Trilho, ainda, por estas linhas guiada pela personagem que me conta uma história, perseguindo um rio. Como Bloom, como Soares, como Ulisses, sou definitivamente o swagman da canção folk australiana transportada na rouquidão inebriada de Waits (há em todos nós uma vocação secreta de arúspice da felicidade, capaz de esgravatar ou saborear vísceras em busca do caminho de casa, a caminho de Hiperbórea, a caminho de Ítaca, a caminho da Índia, a caminho de Lisboa, a caminho).
Neste instante, e não por acaso, ouço o trompete do Chet Baker, ouço sobretudo a voz que me parece recomendar, em tom exortativo, look for the silver linning, contrariando que a felicidade seja uma arte perdida (como dizia Vila-Matas, citando Cyril Connoly). Que outro propósito pode ter uma história que não a de explorar os desequilíbrios que se pretendem posteriormente reordenados? É o eterno dilema, a única inquietação que nos move: a existência de um número infindável de possibilidades que se colocam ao longo do itinerário que vamos escolhendo. Neste processo, lutamos bravamente contra as trevas, perscrutando na escuridão da noite a forma mais segura de navegar, tarefa tão necessária quanto imprecisa, em qualquer latitude. Certamente que o mais importante será a perspetiva adotada, o grau de distorção que somos capazes de suportar ou acolher, entre a realidade e aquilo que é a nossa construção pessoal nesse espaço entre dois pontos que pode ser a vida toda. Campos referia-se ao esplendor dos mapas, caminho abstracto para a imaginação concreta, mas queria ser e sentir tudo e todos numa celebração paraláxica da pretendida vitória sobre o espaço e o tempo.
Píndaro unia numa só raça homens e deuses, afirmando embora a impossibilidade de sabermos o caminho, de dia ou de noite, que o destino nos reserva; Horácio ensinou-nos a fazê-lo, colhendo o momento. Muitos, como Ronsard e Yeats, celebraram o amor em forma de ave vermelha transportada na lapela, resistente a todas as formas de erosão, mas não encontraram o roteiro eficaz para despir o peso da melancolia, suporte robusto da consciência, ferida interior a latejar sobre a corrupção inultrapassável da parte material da felicidade que o tempo provoca, louvando, nas suas composições contaminadas de tristeza solene, o amor e o belo como um arrastado lamento. Por outras palavras, em estilo elevado, recusaram a fissura da romã, indiferentes ao facto de só ela permitir o acesso à doçura do interior do fruto.

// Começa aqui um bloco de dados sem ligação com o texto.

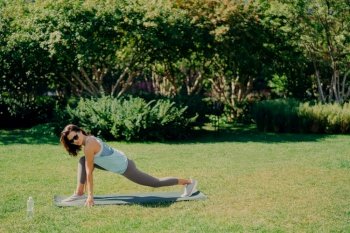 Outdoor sport concept. Healthy fit energetic young woman does fitness exercises on fitness mat dressed in active wear drinks fresh water wears sunglasses poses on green grass. Morning workout.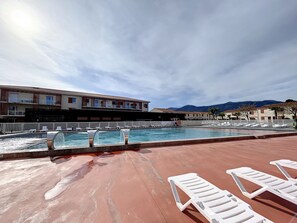 A pool area with lounge chairs, a building with balconies, and mountains in the background. - Apartment T2 with private terrace in Argelès-sur-Mer (Argelès-sur-Mer)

Entretanto, swagman sem bússola, vejo-me subitamente imóvel. São definitivamente horas de retempero, que um coração saudável precisa de um baço firme na sua função depurativa.
(É neste momento que, à sombra do eucalipto, acendo o lume e vejo passar o melro de Stevens metamorfoseado em ave palradora, contando o poema do Rei dos intervalos, Deus do intermédio, the king of gaps, enquanto a água ferve para o chá de carqueja).